Refurbishment is an important element of a resource-efficient manufacturing process and a key concept within the circular economy. By keeping products, components or materials in a closed-loop supply chain as long as possible, raw material use, energy usage and emissions can all be significantly reduced. The refurbishment concept is sometimes confused with remanufacturing or re-usage of products. Lack of clarity in the definition of the terms ‘used’, ‘refurbished’ and ‘remanufactured’ can cause confusion. So, let’s take a closer look into the refurbishment concept!
Re-usage of assets
“Reused” can be defined as simply reusing a product that has been cleaned but otherwise not undergone any modifications. A reused product, or its components, is put back into use for the same purpose for which it was originally designed. In the world of capital goods, manufacturers, dealers and resellers define reuse as ‘selling on an “as is” basis’.

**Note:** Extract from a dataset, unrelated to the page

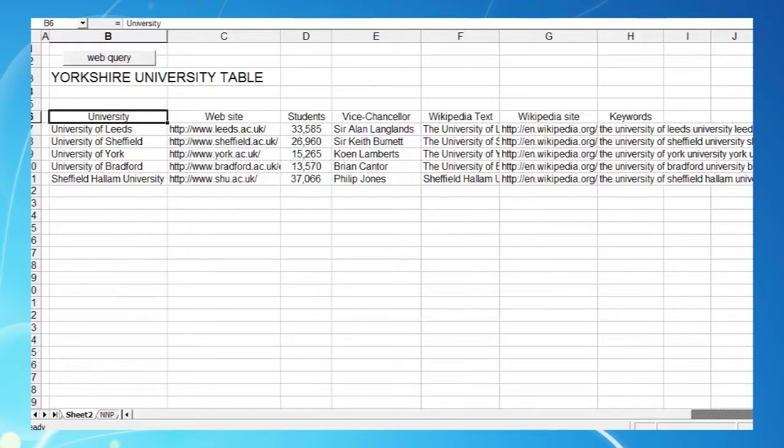We could do much more, but we want to keep it simple. And just to check what we're doing, we'll enter our web query data below our existing table data.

“Refurbishment” can be defined as bringing used products up to a certain, pre-determined, quality standard. It involves the replacement of worn and critical parts, and aesthetically making the product look like new. The level of refurbishment and “like newness” depends on various factors, such as the manufacturer’s and the industry’s standards, the asset type, and relevant technological advancements. A refurbished asset may have limited improvements to functionality and slight malfunctions may be acceptable. It usually entails no changes to the original design and only a limited warranty is offered.
Remanufacturing of assets
“Remanufacturing” can be described as the process of acquiring and restoring or transforming used products (i.e. non-functioning, discarded or traded-in products) to, at least, a like-new condition, with matching performance levels and (usually) a warranty equal to that of a new product. This means taking the entire product apart and replacing all worn parts. Remanufacturing can include technical upgrades (of both hardware and software) and changes to the original design. To make a clear distinction within the portfolio, remanufactured assets may be assigned a new serial number. Remanufacturing is overall costlier than refurbishment, and generally considered to be as good as new; or even better than the original thanks to, for example, upgrades.